This week, Daily Music Writers are looking back on the first albums they ever loved. Today, Catherine Baker remembers Hilary Duff’s Metamorphosis.
My name is Catherine Baker. It is 2004. I am eight years old. This is a story about Hilary Duff.
Looking back at my childhood (or at least the parts of it I haven’t blocked out of my memory), the moments I’m most nostalgic for are those spent in front of my small karaoke machine in the playroom of one of my old houses. I am usually alone, which is an unfortunate side effect of moving four times in four years, and I am often wearing a pink feather boa that once belonged to my cousin. (This is an unfortunate side effect of not having a strong fashion icon in my life. Mom, I’m looking at you.)
I would like to preface this by emphasizing the fact that I was an extremely angsty pre-teen. For a child with a low tolerance for conflict and eye contact, I sure had a lot of pent up anxiety. Clearly, this manifested itself in my affinity for Disney Channel stars and movies about dogs.
In this room with floor to ceiling windows, I arrange my Webkinz in a semi-circle at my feet, boot up my old karaoke machine and belt out “Sweet Sixteen” by Hilary Duff.

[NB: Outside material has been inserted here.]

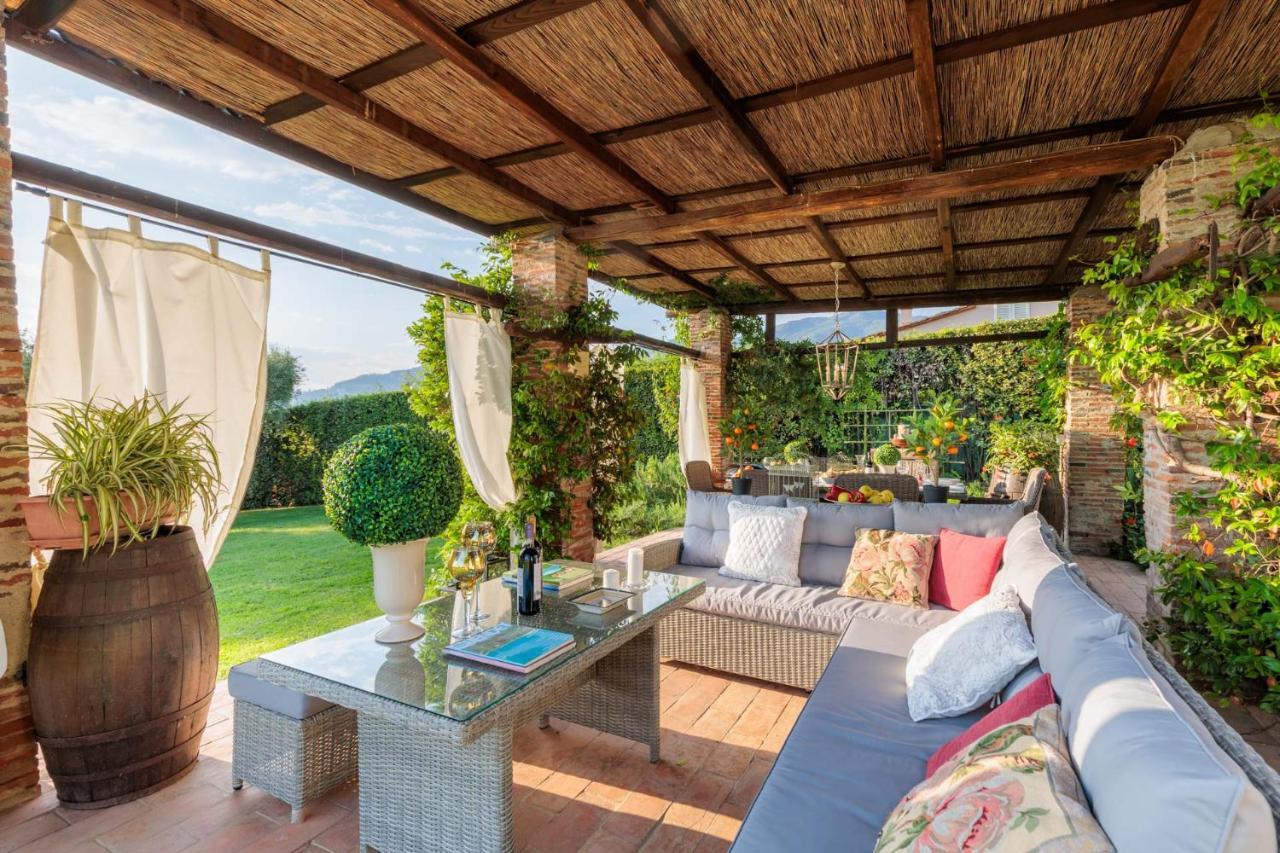 Pennecchio Villa Lucca Luaran gambar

In that moment, I’m not awkward, eight-year-old Catherine with too many thoughts and not enough athletic ability. Right then, I am a much older, much more confident version of myself, dreaming about “driving down to the club where we go to dance.”

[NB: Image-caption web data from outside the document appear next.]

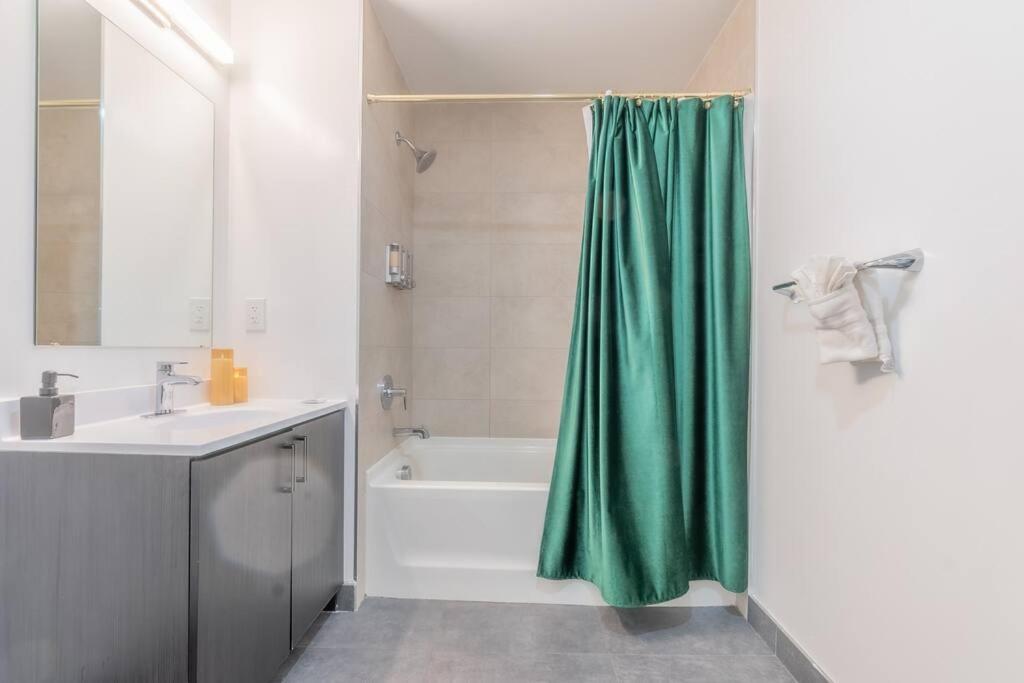 Spacious Airport Suite: Two-bedroom Comfort With Laundry Orange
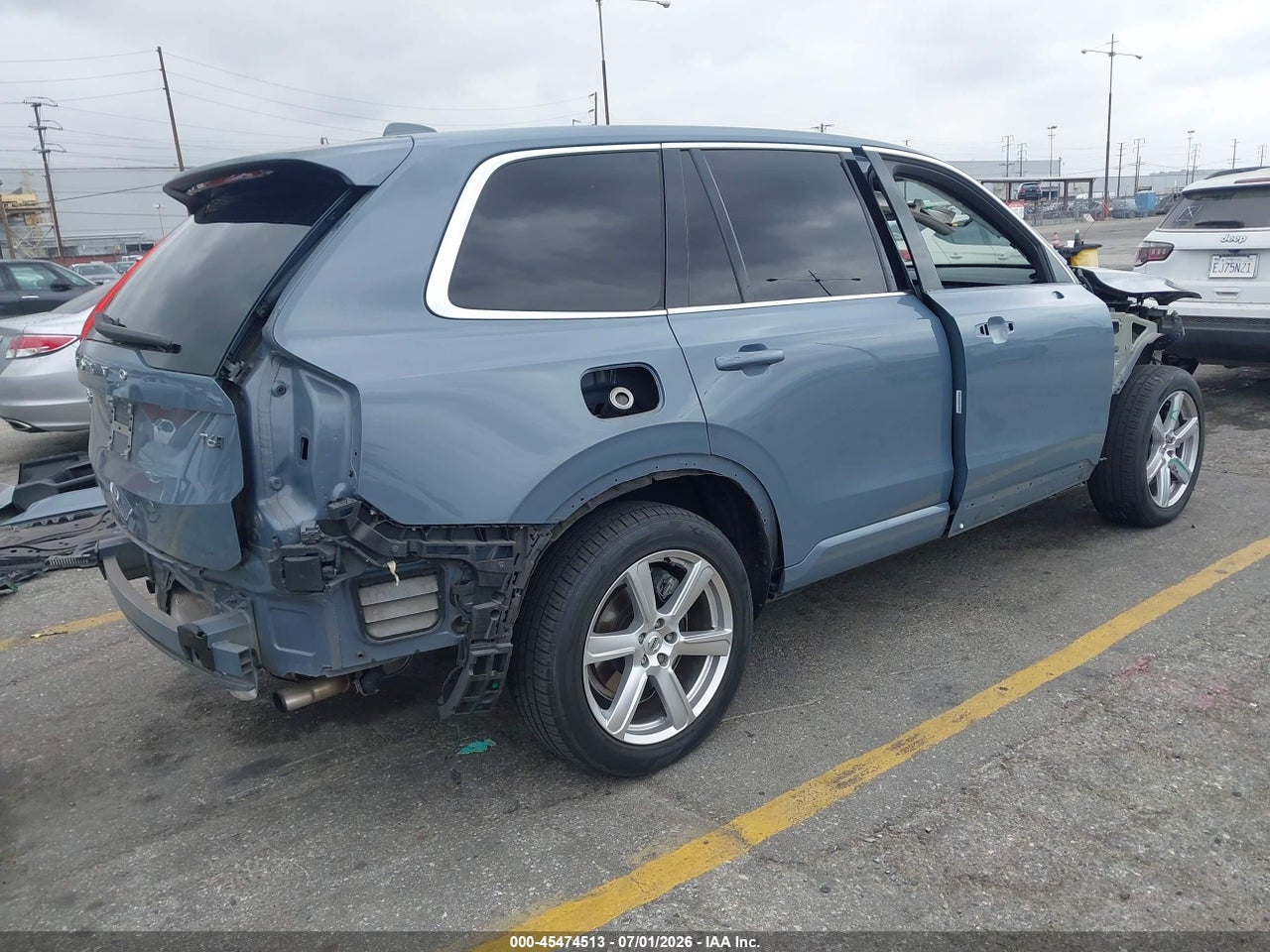 2020 VOLVO XC90 T6 MOMENTUM 7 PASSENGER thumbnail 5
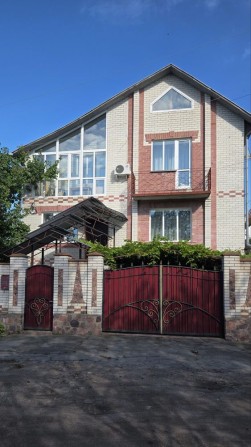 Продаж просторого, якісного  будинку  з власним озером , сауною та басейном - фото 1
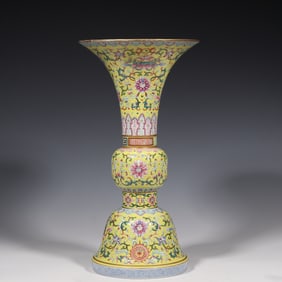 Chinese Qing Dynasty Qianlong period Famille rose vase with floral patterns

Fast-forward to 2006, three weeks before my 10th birthday. I’ve moved again, this time to Michigan, and my mother has driven me back to Ohio for one last hurrah before I begin the adventure that is fourth grade. Five of my closest friends have gathered to see — you guessed it — Hilary Duff in concert.

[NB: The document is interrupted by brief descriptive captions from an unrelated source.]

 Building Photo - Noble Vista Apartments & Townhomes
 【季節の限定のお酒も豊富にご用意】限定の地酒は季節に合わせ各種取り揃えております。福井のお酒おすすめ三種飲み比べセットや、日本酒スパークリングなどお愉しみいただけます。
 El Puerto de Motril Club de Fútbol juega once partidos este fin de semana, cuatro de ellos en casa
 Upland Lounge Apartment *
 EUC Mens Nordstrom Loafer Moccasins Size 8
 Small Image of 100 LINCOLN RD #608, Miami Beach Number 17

As this is my first concert experience, I am dressed in my best jean skirt and sweater combo with no idea what to expect. Her sister Haylie is the opening act, and while I know relatively little about the rest of the Duff family, it does not stop me from screaming at the top of my tiny little lungs. After a few sugary sweet pop songs, Haylie exits, and the entire stadium erupts with cheers calling for Hilary. When she finally enters in the wake of neon strobe lights, I am silent in awe of her sparkly outfit and opening dance number.
My pink feather boa has been lost in the move, but for a moment I wish it was wrapped around my neck one last time. I know every word to the Metamorphosis album, and I fall asleep before the end of the concert, but it is the happiest moment of my short life thus far. I look around at the thousands of strangers singing the exact same words, at the parents that have been dragged along to this 17-year-old’s show and at my friends whose names I’ve now forgotten. Even at nine years old, I’ve been around long enough to know that I won’t see these girls again. This is their lasting memory of me—Catherine, in her fuzzy purple sweater that sheds on your clothes when you hug her, screaming the words to “Come Clean” with just a little too much aggression.
While Metamorphosis may not be the coolest first favorite album, it certainly made an impact on an impressionable young Catherine. From singing alone in my room to dancing with thousands, Hilary helped me grow up even when I didn’t know how.